Semasa kecil dulu, setiap malamnya ibu gemar sekali bercerita. Dongengnya dengan mudah menghantarkan saya jatuh ke ujung lelap. Dari dongengnya, kemudian saya berkenalan dengan pangeran. Cerita ibu tentang pangeran memang banyak, tapi ketika itu satu yang saya simpulkan tentang pangeran. Pangeran adalah sosok yang baik hati, gagah, putra seorang raja dengan berlimpah kekayaan dan punya kereta bertahta emas yang di tarik oleh banyak kuda sembrani. Pangeran adalah sosok sempurna yang sangat diidamkan, hingga sewaktu kecil itu saya berangan-angan menjadi putri jelita yang dijemput kereta istimewa menuju istana gemerlap di atas bukit. Tentu sangat menyenangkan. Aih.

Sampai sekarang pun saya masih bermimpi dijemput pangeran. Namun kali ini, pangeran yang saya maksud bukan sosok sempurna yang mempunyai kereta kencana, tapi seorang manusia biasa dengan segala kekurangan manusiawi dan kelebihannya. Pangeran yang kepalanya tidak bermahkota, tapi keningnya sering menjumpai tanah dalam rangka bersujud kepada Sang Pencipta. Pangeran yang wajahnya tidak perlu tampan, tapi selalu teduh karena terbiasa menjaga wudhu dalam setiap waktunya. Pangeran yang begitu gagah menafkahi keluarga dengan rezeki yang halal meski harus bermandi peluh. Pangeran yang mempunyai cita-cita tamasya ke surga dan mengajak istrinya turut serta. Pangeran yang 'cakep' akhlak dan agamanya.

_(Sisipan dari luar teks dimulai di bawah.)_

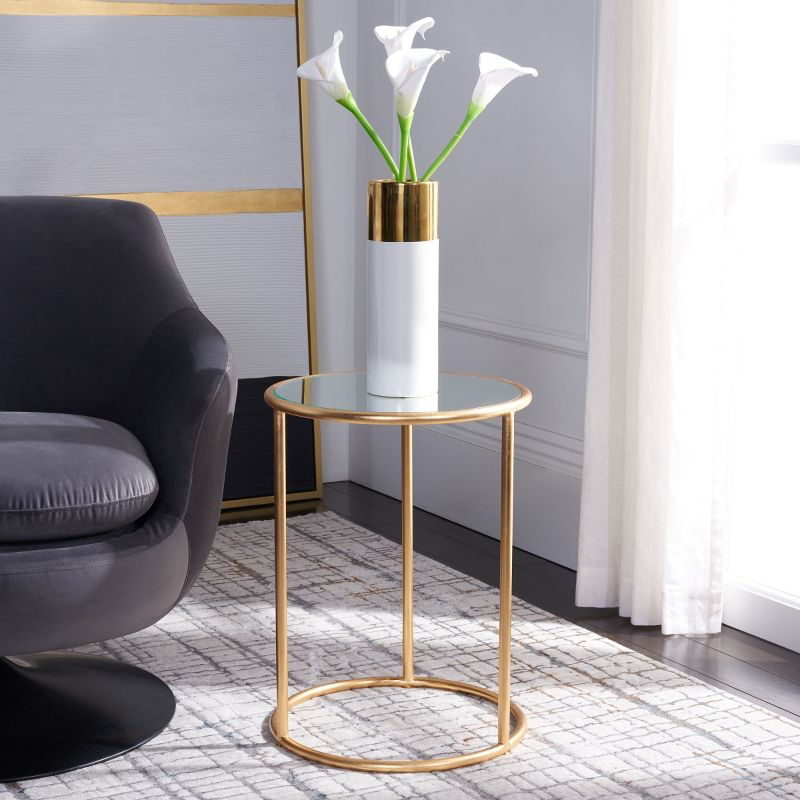 Shay Accent Table - FOX2523A - Gold/Mirror - Safavieh Couture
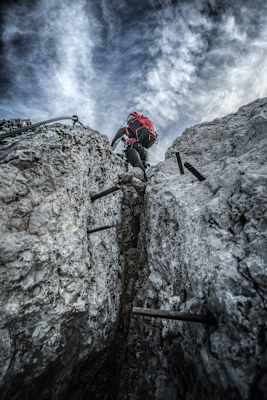 Über den Westgrat zum Dachsteingipfel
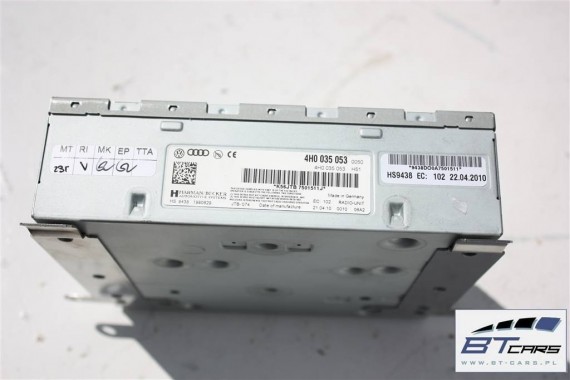 AUDI A8 TUNER RADIOWY RADIA 4H0035053 4H0 035 053 RADIO UNIT 4H 4H0035053 4H0035053 4H0035053 4H0035053 4H0035053 4H0035053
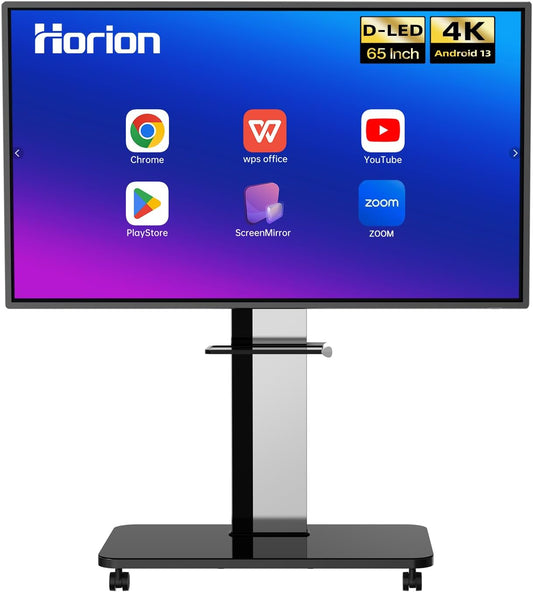 65 Inch Smart Board, Interactive Whiteboard, 4K UHD Touch Screen Digital Board, Digital Electronic Smartboard for Classroom,Office & Conference Rooms,Open App Ecosystem(Board & Wall Mount Only)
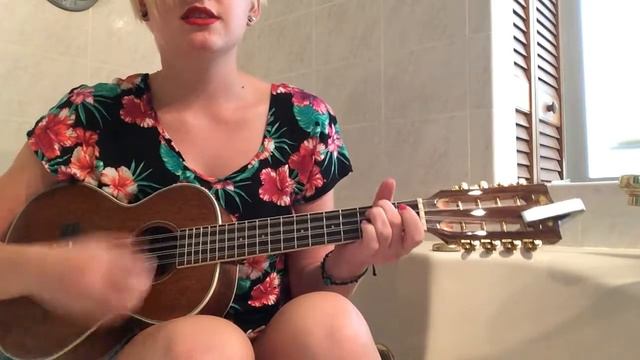 Skinny Love - Bon Iver {ukulele cover} смотреть онлайн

Ah, meski kualitas diri saya sedemikian amburadul, tapi betapa saya menginginkan pangeran yang demikian. Pangeran yang Allah jodohkan untuk bersama melayarkan bahtera, seorang pendamping hidup yang akan saling meneguhkan langkah dan mengokohkah kedekatan kepada Allah Yang Maha Tinggi. Pangeran yang piawai menjadi nahkoda ketika berpesiar bersama.

***

Siang itu ia datang. Saya melihatnya sejenak dari dalam rumah. Suara cempreng keponakan terdengar nyaring "bi tamunya sudah datang". Saya merapikan jilbab dan bergegas memakai kaos kaki. Tak ada yang luar biasa. Toh ia hanya seseorang. Tak ada acara memakai pakaian bagus. Tak ada acara menyuguhkan penganan. Hanya segelas air putih dan itu saya bawa tanpa nampan.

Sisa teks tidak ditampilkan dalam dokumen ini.